Я тут, было, в кустах камень нашел подходящий, там-то дом был когда-то, а камень у них, верно, приступкой перед крыльцом лежал, и загорелось мне этот камень себе притащить. Я уж давно на этот камень заглядывался, а тут лом взял, и к камню пришел – лежишь, – говорю ему, поросенок такой-то,  не наскучило тебе в кустах-то? сейчас я тебя на свет потащу. Ковырял-ковырял под камнем, чтобы ухватится, пихал его, пыжился, а он лежит себе,  как беспамятный и не проснется. Отец пришел. Измерил его отец, что-то там в уме своем умном, не в него я, видно,  посчитал – здесь, – говорит, – около четырехсот килограмм будет…  А камень хороший, тесаный, это, думаю, не старики были, это какие-то лешие были, или великаны вон с тот столб наш размером.

– А потом, – спрашиваю, – а что с землей-то вашей потом сделалось? – А война какая-то, – отвечает, – в Рязани случись, землю и отобрали. И коняшку. Мы все о коняшке пла-а-акали. Голос ее дрожит,  плачет…  А золотой-то, – спрашиваю, – под угол зачем клали? – Ну как же, – говорит, – на счастье…

 

***

 

ГУГА ЕХАЛ К НАМ ЖИТЬ, сдал квартиру и поехал. Мы ему дом у Нинки незадорого сторговали, у колодца, в нем раньше бабка Мотя жила с Васькой Тришкиным, сын ее, он ворон на кладбище от скуки пошел пострелять и руку себе прострелил, но умер-то он не от этого, а от зуба – зуб заболел у него, он в больницу, вырвали, а через три дня от заражения и умер; потом бабки, что собачек  брошенных кормили, жили,  эти из Деревягина приехали, а после них уж Нинка, а как ее свекры умерли за оврагом, она туда ушла, к людям, а дом этот, значит опустел. – Столько времени упустил зря, – говорил Гуга приятелям, собираясь. Они выпили перед отъездом, потом как в Рязань приехали, а потом и поздно стало уже, и электрички все поушли. Деньги-то были, Гуга такси нанял, и поехали они на такси. Ехать было долго, километров сто пятьдесят,  и когда подъехали к переезду, была уже кромешная ночь. Идти еще от переезда было не близко, за овраг, да и дороги он не очень хорошо знал, по свету нашел бы, а ночь-то, куда тут. Дошли они до забора какого-то и сели под ним. – Все-таки хорошо, – говорил Гуга, – что приехали. А может он и знал дорогу-то, да матери моей побаивался, он дядя мне, она сестра ему старшая, он, когда выпивши, ее побаивался. Начиналось ненастье. Зябли. Было за полночь.

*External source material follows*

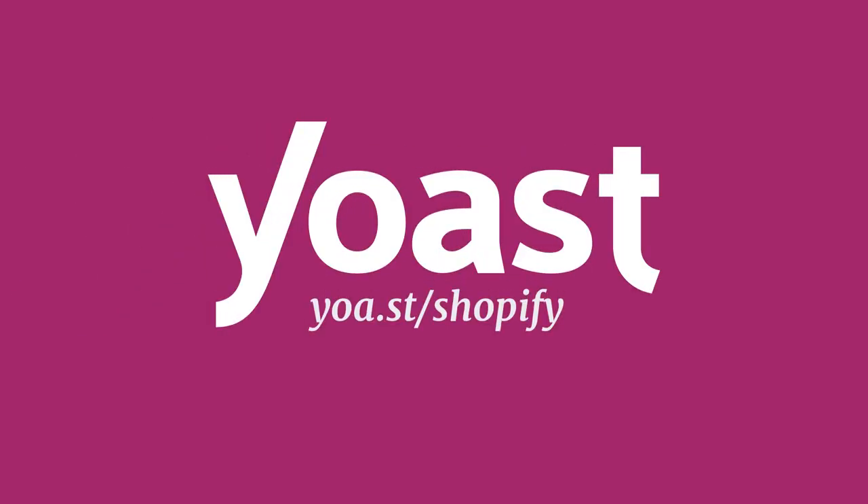Yoast SEO for Shopify is $29 per 30 days. Go to Yoast.com or the Shopify App Store to get more information. Start working on your SEO and start ranking today.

А потом Гугу били. Абасиков пацан, ему лет пятнадцать было тогда, оторва та еще, с дискотеки шел, а пьяный тоже, увидел их – что вы тут сидите, воруете? И налетел, Гуга оттолкнул его, а тот в дом, за отцом своим, тот тоже после сенокоса пьяный спал. Выскочили они, отец с сыном, и стали бить. Гуга здоровый был, да эти здоровее оказались, и злее. А потом, когда Гуга рухнул, по голове еще ногами, а может и еще чем-то, и тут он сознание совсем потерял, а когда те поостыли, расспросили у приятелей его кто да кто, да куда, мол, и отвезли на «запорожце» своем к колодцу нашему, к дому Мотиному-бабкиному-Нинкиному-Гугиному, а сами досыпать уехали, было уже утро, рассвело. Было холодно, ветер и дождь. Гуга на траве у колодца лежал.

А я за водой пошел, не рано пошел, часам к двенадцати, вода мне не к спеху нужна была, дождь-то.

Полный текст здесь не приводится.